Sensor und Prozessor
- Sony a6700: 26 MP rückwärtig belichteter APS-C Exmor R CMOS, BIONZ XR
- Sony a6600: 24 MP APS-C Exmor CMOS, BIONZ X
Es stimmt, dass die a6700 über einen neuen 26-MP-Sensor der nächsten Generation verfügt, der eine leichte Verbesserung gegenüber dem 24-MP-Sensor der a6600 darstellt. Doch wie bedeutsam ist das wirklich? Für Fotografen ist der Unterschied nur sehr gering. Im Videobereich hingegen sind die höhere Rechenleistung und die verbesserten Videofunktionen der a6700 deutlich relevanter als der Anstieg der Auflösung.
ISO
- Sony a6700: Standardbereich von 100 bis 32.000; erweiterter ISO 50–102.400 in der Fotografie
- Sony a6600: Standardbereich von 100 bis 32.000; erweiterter ISO 50–102.400 in der Fotografie
Die Vorteile des 26-MP-Sensors der a6700 zeigen sich nicht deutlicher, wenn man die ISO-Bereiche dieser beiden Kameras vergleicht, die identisch sind. Der veröffentlichte ISO-Bereich sagt natürlich nichts über die erwartete Bildqualität bei hohen ISO-Werten aus, aber wir können eine Schlussfolgerung ziehen: Sony erwartet nicht, dass die höhere Auflösung des a6700-Sensors ein Nachteil ist, sodass bei hohen ISO-Werten mit dieser höheren Auflösung die gleiche Leistung zu erwarten ist.n desventaja, por lo que cabe esperar el mismo comportamiento con isos altos con esa resolución extra.

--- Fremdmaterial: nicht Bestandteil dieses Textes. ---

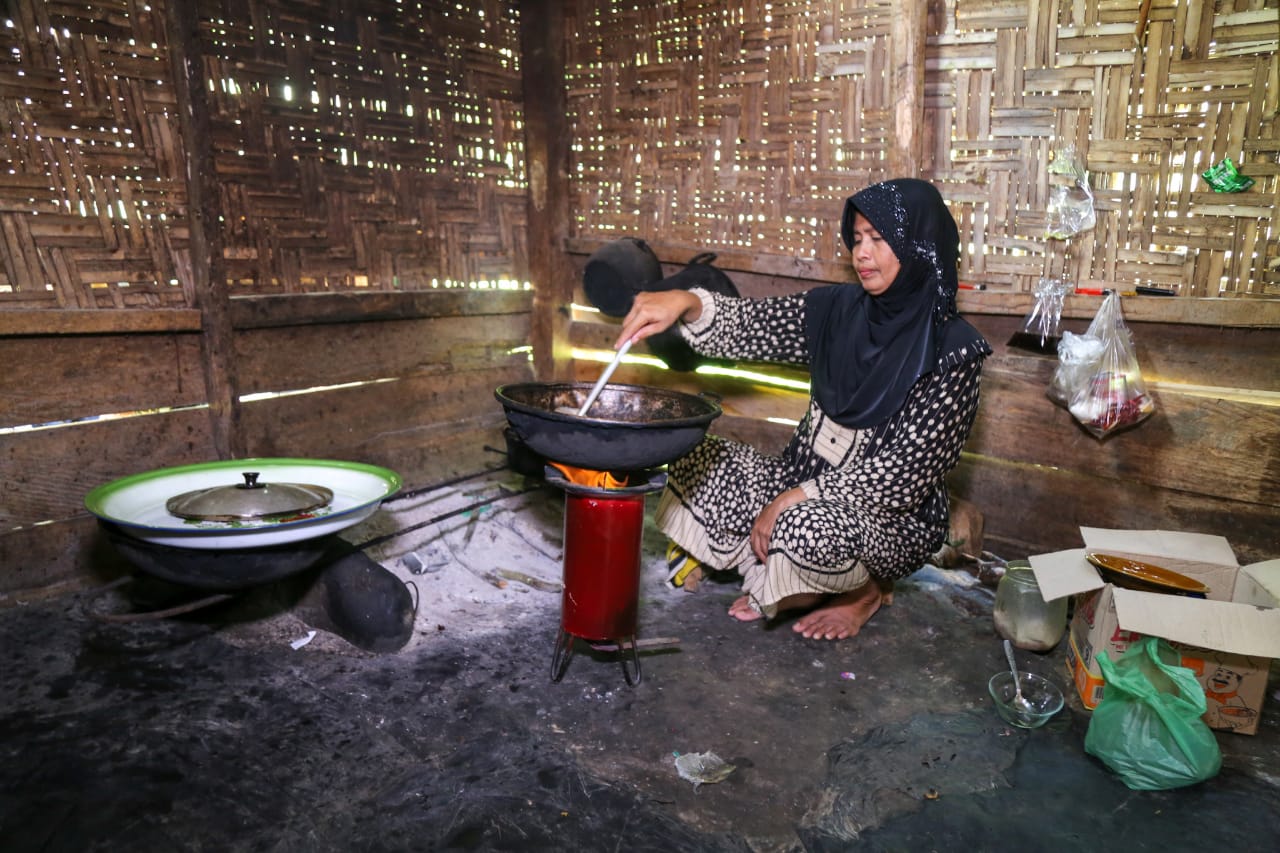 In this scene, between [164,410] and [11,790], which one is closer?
[11,790]

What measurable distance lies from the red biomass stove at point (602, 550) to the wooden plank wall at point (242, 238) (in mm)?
1538

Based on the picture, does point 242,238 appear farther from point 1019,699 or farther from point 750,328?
point 1019,699

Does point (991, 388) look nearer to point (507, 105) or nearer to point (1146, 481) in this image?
point (1146, 481)

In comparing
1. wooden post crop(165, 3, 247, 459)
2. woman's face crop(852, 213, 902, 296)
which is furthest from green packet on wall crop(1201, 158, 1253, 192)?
wooden post crop(165, 3, 247, 459)

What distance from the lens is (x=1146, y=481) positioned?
9.98 feet

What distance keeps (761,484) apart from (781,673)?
0.71 m

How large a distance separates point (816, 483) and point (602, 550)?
838mm

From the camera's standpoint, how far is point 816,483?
2824 millimetres

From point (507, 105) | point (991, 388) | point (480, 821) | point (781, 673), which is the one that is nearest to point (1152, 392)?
point (991, 388)

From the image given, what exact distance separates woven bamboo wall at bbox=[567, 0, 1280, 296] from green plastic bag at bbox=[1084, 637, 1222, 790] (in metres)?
1.43

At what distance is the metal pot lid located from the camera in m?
2.38

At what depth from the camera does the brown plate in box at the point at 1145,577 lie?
7.70ft

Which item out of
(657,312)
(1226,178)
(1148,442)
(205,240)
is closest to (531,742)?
(657,312)

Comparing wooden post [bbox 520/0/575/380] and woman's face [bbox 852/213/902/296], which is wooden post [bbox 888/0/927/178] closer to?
woman's face [bbox 852/213/902/296] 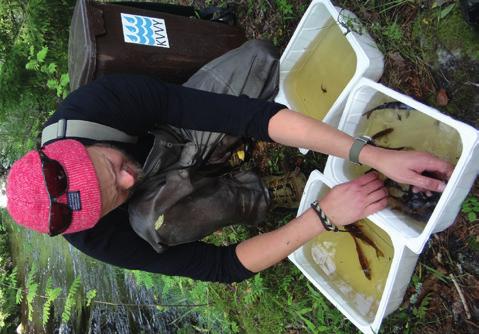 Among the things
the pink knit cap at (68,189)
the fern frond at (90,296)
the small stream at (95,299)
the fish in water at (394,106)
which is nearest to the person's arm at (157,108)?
the pink knit cap at (68,189)

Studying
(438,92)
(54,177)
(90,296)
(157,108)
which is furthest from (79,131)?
(90,296)

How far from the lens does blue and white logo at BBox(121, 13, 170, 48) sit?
2.35m

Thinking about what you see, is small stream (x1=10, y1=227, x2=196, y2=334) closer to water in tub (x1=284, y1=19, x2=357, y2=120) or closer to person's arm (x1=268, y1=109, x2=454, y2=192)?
water in tub (x1=284, y1=19, x2=357, y2=120)

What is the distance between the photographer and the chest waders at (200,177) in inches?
75.9

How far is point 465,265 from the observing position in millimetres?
1962

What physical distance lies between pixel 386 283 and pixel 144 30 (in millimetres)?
1844

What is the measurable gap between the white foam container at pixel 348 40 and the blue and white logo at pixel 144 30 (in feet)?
2.32

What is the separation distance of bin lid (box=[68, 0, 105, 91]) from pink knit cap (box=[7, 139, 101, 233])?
29.2 inches

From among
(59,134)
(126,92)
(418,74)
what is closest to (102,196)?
(59,134)

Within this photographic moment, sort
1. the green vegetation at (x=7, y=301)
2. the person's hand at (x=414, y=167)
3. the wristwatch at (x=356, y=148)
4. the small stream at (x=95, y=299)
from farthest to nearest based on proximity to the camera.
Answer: the green vegetation at (x=7, y=301) < the small stream at (x=95, y=299) < the wristwatch at (x=356, y=148) < the person's hand at (x=414, y=167)

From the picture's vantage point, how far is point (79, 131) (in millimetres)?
1648

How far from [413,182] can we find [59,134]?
133 cm

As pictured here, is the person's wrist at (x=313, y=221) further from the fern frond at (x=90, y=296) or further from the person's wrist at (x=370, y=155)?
the fern frond at (x=90, y=296)

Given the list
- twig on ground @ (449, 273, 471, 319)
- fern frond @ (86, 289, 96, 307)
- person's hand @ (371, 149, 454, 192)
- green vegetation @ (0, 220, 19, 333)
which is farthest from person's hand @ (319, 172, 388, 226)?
green vegetation @ (0, 220, 19, 333) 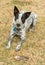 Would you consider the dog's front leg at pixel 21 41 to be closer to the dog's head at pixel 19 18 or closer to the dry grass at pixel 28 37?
the dry grass at pixel 28 37

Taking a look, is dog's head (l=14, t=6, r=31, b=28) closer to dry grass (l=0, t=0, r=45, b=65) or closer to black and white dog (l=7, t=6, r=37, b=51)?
black and white dog (l=7, t=6, r=37, b=51)

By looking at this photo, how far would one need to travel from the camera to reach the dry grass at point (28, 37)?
6.16 meters

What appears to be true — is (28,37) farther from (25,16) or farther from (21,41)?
(25,16)

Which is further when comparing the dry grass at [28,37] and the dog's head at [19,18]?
the dog's head at [19,18]

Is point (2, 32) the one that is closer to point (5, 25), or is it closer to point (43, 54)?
point (5, 25)

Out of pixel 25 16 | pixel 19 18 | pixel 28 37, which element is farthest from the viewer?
pixel 28 37

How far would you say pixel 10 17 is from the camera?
26.5 ft

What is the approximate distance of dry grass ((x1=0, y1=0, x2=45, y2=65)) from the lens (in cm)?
616

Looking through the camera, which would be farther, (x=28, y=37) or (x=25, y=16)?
(x=28, y=37)

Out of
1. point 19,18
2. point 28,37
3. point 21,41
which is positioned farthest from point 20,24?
point 28,37

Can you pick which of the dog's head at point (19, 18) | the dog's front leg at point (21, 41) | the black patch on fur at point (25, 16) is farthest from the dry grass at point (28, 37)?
the black patch on fur at point (25, 16)

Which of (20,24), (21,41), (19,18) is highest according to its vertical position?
(19,18)

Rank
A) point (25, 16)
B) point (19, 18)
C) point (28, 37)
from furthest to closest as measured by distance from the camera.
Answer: point (28, 37), point (25, 16), point (19, 18)

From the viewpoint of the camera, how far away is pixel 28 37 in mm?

Die Autofokussysteme von Sony haben den Ruf, die besten zu sein
Autofokus
- Sony a6700: Standbilder: bis zu 759 Punkte (Phasenerkennungs-AF); Video: bis zu 495 Punkte (Phasenerkennungs-AF). KI-Verarbeitungseinheit der A7R V: Erkennung von Menschen, Tieren, Vögeln, Insekten, Autos/Zügen und Flugzeugen in Foto und Video.

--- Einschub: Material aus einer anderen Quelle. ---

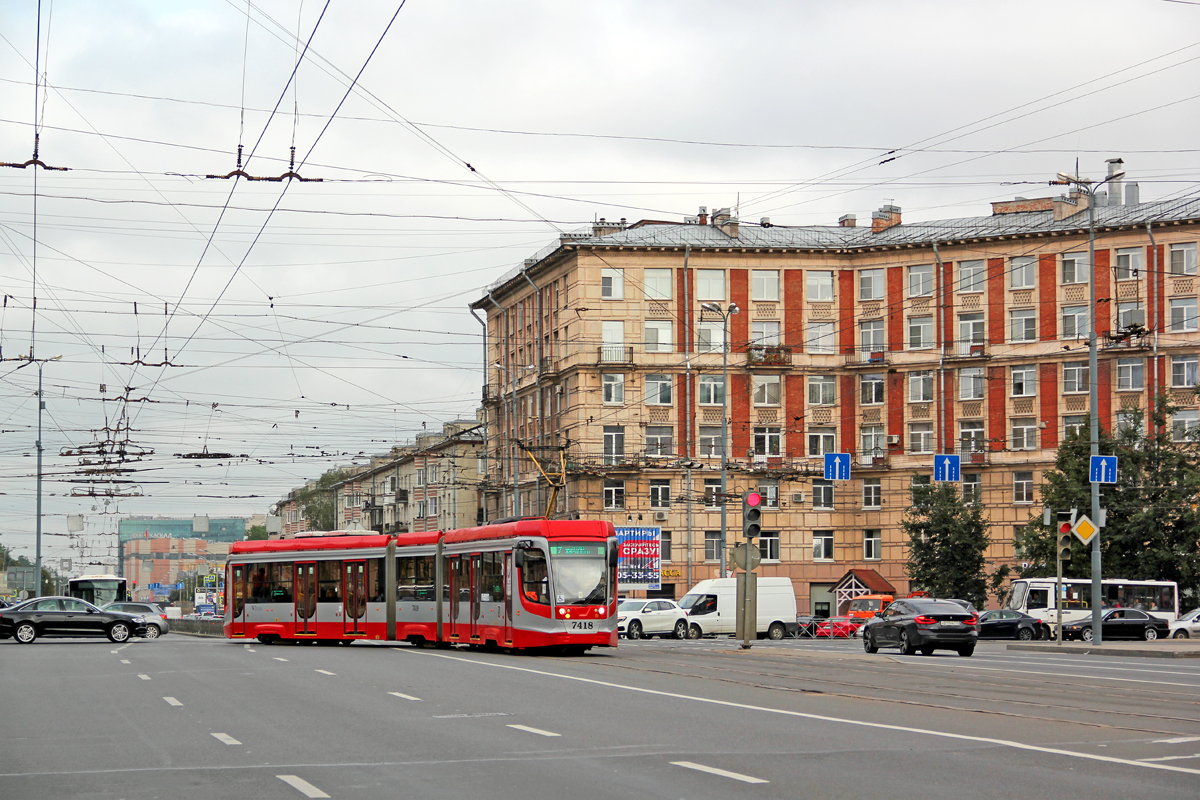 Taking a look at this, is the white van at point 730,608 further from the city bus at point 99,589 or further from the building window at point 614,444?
the city bus at point 99,589

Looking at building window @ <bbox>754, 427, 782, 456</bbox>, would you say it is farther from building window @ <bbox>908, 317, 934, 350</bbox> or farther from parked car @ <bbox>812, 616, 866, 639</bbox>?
parked car @ <bbox>812, 616, 866, 639</bbox>

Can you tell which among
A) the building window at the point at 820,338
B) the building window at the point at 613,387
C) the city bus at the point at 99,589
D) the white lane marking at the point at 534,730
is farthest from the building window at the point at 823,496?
the white lane marking at the point at 534,730

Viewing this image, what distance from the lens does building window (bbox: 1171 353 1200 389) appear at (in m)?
63.2

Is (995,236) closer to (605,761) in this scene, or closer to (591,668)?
(591,668)

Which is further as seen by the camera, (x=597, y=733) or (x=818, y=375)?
(x=818, y=375)

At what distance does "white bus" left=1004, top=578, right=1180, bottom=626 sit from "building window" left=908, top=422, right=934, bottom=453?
12.6 m

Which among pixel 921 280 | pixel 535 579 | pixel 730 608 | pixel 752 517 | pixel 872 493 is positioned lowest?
pixel 730 608

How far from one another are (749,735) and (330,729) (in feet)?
13.3

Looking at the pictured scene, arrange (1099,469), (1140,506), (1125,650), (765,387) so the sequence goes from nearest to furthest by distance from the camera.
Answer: (1125,650), (1099,469), (1140,506), (765,387)

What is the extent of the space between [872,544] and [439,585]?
3901 centimetres

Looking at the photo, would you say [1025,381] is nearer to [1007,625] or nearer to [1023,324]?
[1023,324]

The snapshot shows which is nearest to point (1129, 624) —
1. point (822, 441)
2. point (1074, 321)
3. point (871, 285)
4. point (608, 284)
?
point (1074, 321)

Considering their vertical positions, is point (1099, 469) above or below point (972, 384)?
below

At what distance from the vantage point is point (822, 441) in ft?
228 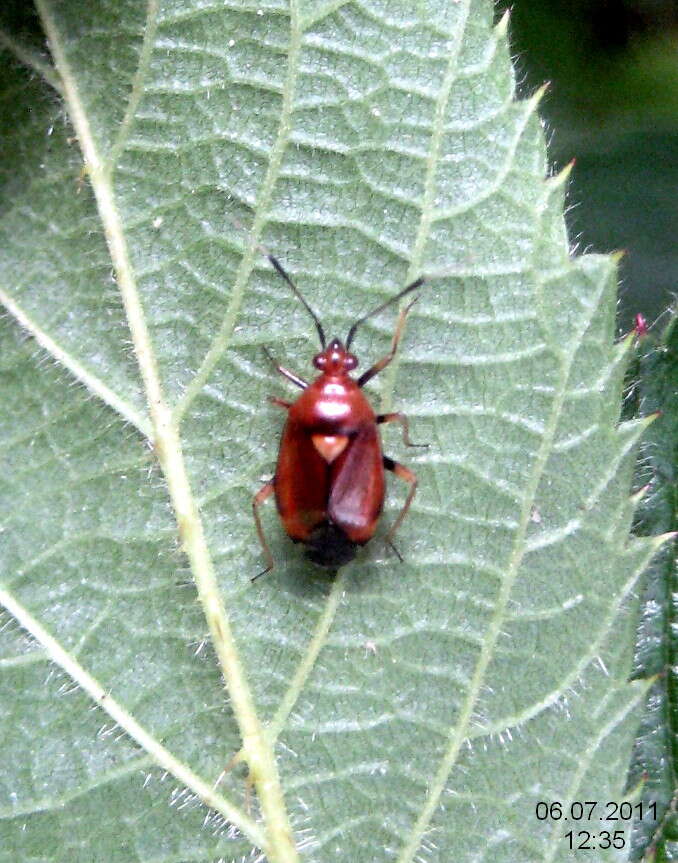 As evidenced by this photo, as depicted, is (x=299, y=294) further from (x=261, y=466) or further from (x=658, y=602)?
(x=658, y=602)

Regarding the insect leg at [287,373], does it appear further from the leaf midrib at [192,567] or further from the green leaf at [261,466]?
the leaf midrib at [192,567]

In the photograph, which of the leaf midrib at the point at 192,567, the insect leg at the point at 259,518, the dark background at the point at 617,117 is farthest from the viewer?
the dark background at the point at 617,117

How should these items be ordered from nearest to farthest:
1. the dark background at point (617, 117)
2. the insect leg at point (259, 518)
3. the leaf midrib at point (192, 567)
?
the leaf midrib at point (192, 567), the insect leg at point (259, 518), the dark background at point (617, 117)

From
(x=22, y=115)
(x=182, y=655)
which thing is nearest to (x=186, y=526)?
(x=182, y=655)

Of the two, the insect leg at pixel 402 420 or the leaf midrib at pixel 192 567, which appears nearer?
the leaf midrib at pixel 192 567

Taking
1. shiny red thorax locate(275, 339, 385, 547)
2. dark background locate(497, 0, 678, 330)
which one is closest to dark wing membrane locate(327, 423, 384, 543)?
shiny red thorax locate(275, 339, 385, 547)

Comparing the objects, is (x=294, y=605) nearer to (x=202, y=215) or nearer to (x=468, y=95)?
(x=202, y=215)

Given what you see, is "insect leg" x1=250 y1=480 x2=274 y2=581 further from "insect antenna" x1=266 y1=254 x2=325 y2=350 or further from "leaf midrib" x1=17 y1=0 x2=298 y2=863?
"insect antenna" x1=266 y1=254 x2=325 y2=350

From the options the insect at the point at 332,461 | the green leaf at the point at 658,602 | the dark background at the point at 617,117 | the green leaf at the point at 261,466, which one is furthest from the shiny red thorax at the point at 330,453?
the dark background at the point at 617,117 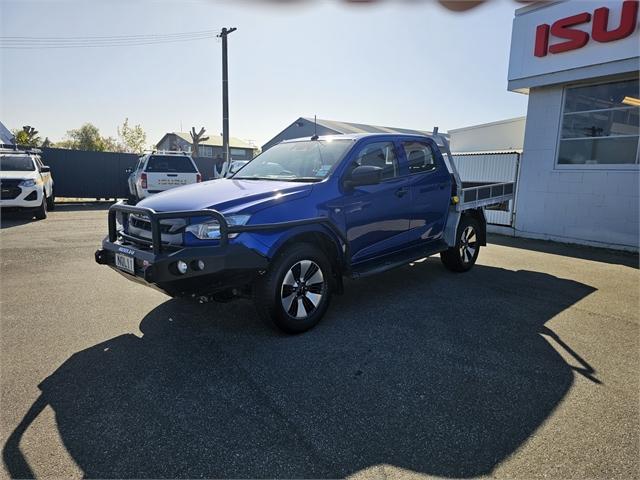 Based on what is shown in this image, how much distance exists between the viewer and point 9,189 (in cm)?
989

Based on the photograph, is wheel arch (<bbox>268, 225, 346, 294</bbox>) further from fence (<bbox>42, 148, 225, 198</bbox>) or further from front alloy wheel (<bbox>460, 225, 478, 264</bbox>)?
fence (<bbox>42, 148, 225, 198</bbox>)

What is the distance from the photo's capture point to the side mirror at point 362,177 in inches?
157

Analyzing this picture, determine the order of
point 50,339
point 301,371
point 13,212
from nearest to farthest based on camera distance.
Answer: point 301,371 → point 50,339 → point 13,212

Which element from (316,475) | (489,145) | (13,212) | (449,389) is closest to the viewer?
(316,475)

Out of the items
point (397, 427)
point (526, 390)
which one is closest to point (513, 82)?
point (526, 390)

- Sony a6600: Standbilder: 425 Punkte (Phasenerkennungs-AF)
Der größte Vorteil der a6700 ist wahrscheinlich ihr fortschrittliches Fokussystem, das von der Sony a7R V übernommen wurde, einer High-End-Kamera für über 2.500 €. Es ist eines der besten Tracking-Autofokussysteme von Sony (was bedeutet, dass es einfach eines der besten der Welt ist) dank KI-Objekterkennung und der großen Anzahl an Fokuspunkten (bis zu 759 im Vergleich zu 425 bei der a6600). Es ist nicht so, dass die Sony a6600 schlecht fokussiert, aber im Vergleich schneidet sie einfach schlechter ab.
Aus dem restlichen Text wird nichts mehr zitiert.